In this lab, we will be implementing to kinds of template classes: a Heap class and a SpecialHeap class. Our Heap class will be our base binary min-heap class, while the SpecialHeap class inherits our Heap class. SpecialHeap will contain one unique method called get_k_smallest(), which will find the k smallest elements the array and format it as mentioned in the last paragraph of the "What is a Binary (min) Heap?" section.

Our Heap class will represent a complete binary tree in the form of a vector. This is possible by having our root node be at index 1 of the vector, our parent nodes being at k/2, our left child at 2k, and our right child at 2k+1. This can be seen below:
The reason why we are using a vector in our implementation of a binary min-heap instead of a binary tree is because it is simpler than implementing a binary tree, while also mimicking what a binary tree does. We can not use a binary search tree either because the heap-order property will violate the binary search tree order property.

Our vector in our Heap class will have a size of (2^N), where N is some value, so we have enough room to store a complete binary tree. Our vector will be initialized with the appropriate size in our default and parameterized constructor.
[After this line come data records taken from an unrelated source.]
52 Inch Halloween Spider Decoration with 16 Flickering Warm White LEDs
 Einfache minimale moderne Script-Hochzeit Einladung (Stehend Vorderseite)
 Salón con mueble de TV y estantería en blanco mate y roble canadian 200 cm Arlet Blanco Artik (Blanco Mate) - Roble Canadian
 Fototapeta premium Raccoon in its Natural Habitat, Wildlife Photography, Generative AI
Within our Heap class we will also have a "size" data member, which will keep track of the number of items that exist within our heap.

Our Heap class will have two private methods called _heapify() and _percolate_down(). _percolate_down() takes a vector index as input and ensures that the given element at the given index is in the correct place in the heap according to the heap-order property. _heapify() will be used in our parameterized constructor, and it ensures that an unordered heap becomes ordered. This is done by calling _percolate_down() starting from index N/2 and ending at 0.
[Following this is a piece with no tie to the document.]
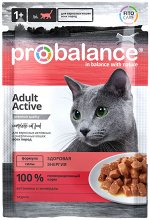 ProBalance Корм консервированный Active для активных кошек, пауч 85 гр 1/28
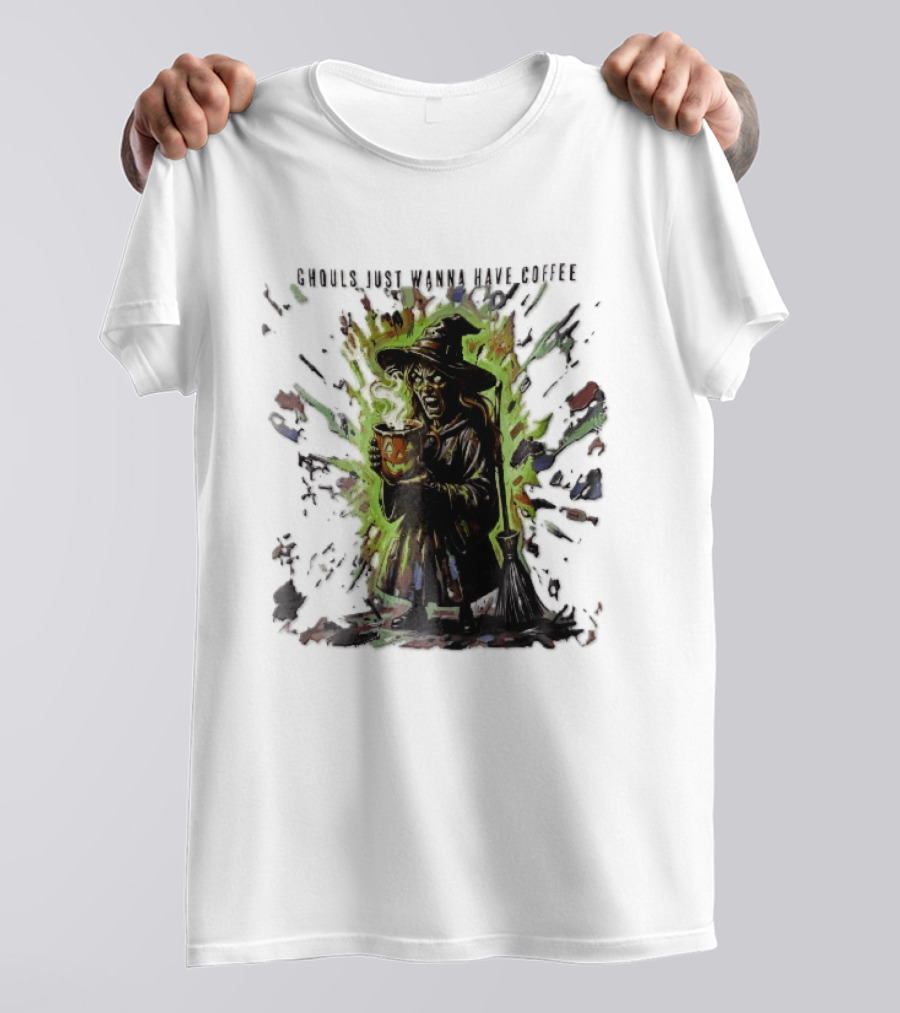 Ghouls Just Wanna Have Coffee Witch With Pumpkin And Broom Colorful Splatter T-Shirt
We have two constructors: one default constructor and one parameterized constructor that takes in a vector as input. The default constructor initializes our internal vector to a default value of 128 (because of the 2^N requirement) and our size as 0. The parameterized constructor will set the size data member to the size of the input vector, set our internal vector to have a size of the input vector + 1, copy all the items from the input vector into our internal vector, and then call _heapify() to order our heap.
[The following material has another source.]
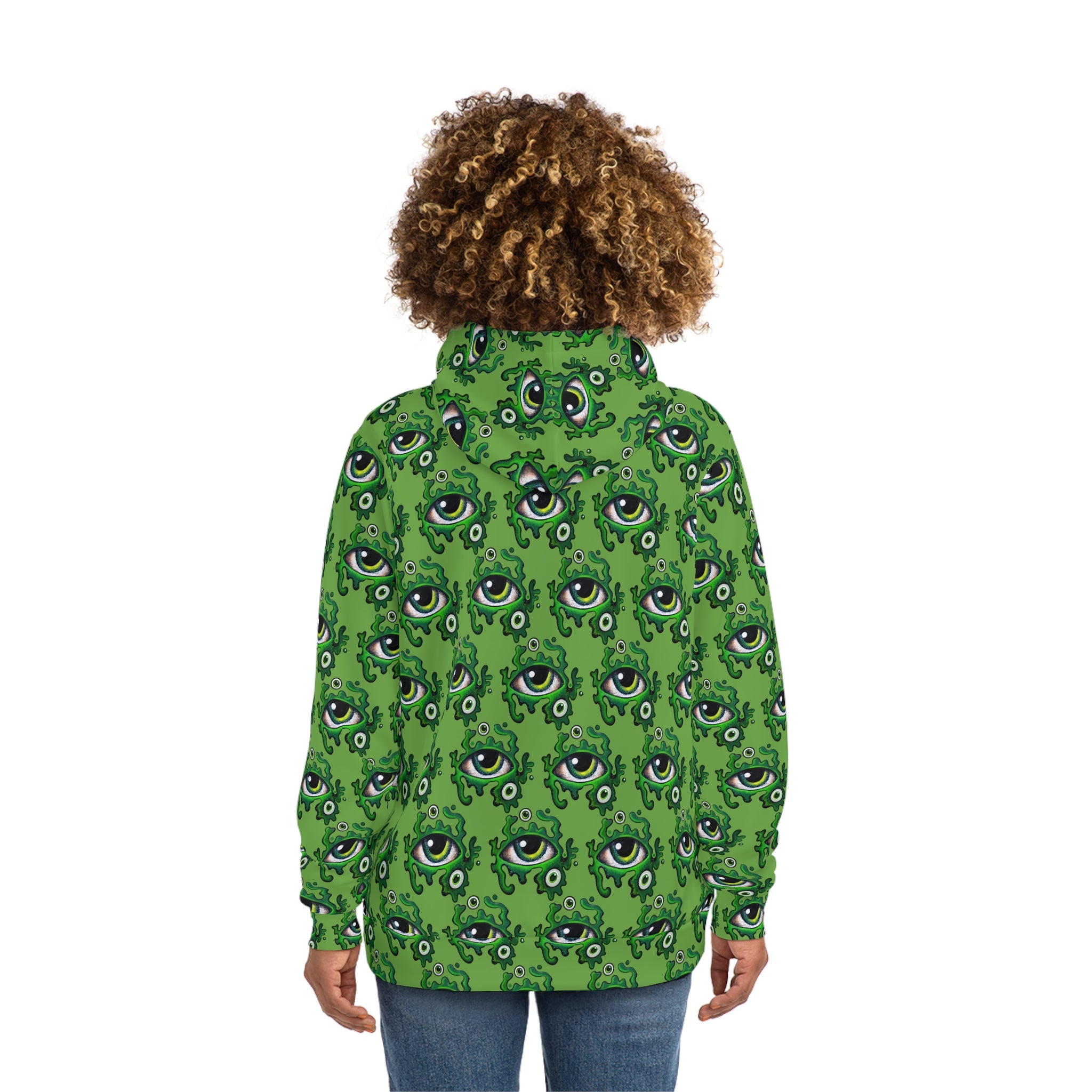 Green All-Over Eye Pattern Hoodie — Creepy Cute Monster Eyes AOP Fashion Hoodie #r54567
In both of the constructors, since the root starts at position 1, we fill position 0 with a sentinel value. The sentinel value is the lowest possible value for the data type that our template class is initialized for.

The rest of the methods are as follows:
  • is_empty(): Tells user if the heap is empty
  • insert(): Inserts an element into the heap
  • delete_min(): Deletes the smallest element in the heap (basically the root)
  • peek_min(): Returns the smallest element from the heap
  • to_string(): Returns a string representation of the heap.
Now for our SpecialHeap. Since our SpecialHeap class inherits from our Heap class, we don't really have much to implement. All we have to do is implement our get_k_smallest() method, which is pretty easy to implement. Within our get_k_smallest() method, we do the following steps k times:
  1. Get the smallest element through peek_min().
  2. Delete the smallest element through delete_min().
  3. Copy the smallest element we have to the just vacated cell of the heap (index size + 1).
Once we are done with this, we set the size to 0 and return our internal heap vector. Now we are able to return an array (or vector in this case) where the k smallest elements are at the k greatest indices.

Lab Questions

Q: Why you would use Quickselect (or Quicksort) at all instead of simply using a special heap (or Heapsort)?
A: I would say you would use Quickselect (or Quicksort) instead of using a special heap (or Heapsort) because it uses less memory while still achieving similar times alongside Heapsort. Although both our SpecialHeap and our Quicksort method from last week both do in-place operations, SpecialHeap uses more memory because it has to store the heap, data members, and class methods, while Quicksort can be implemented using two methods (as seen from last week's post).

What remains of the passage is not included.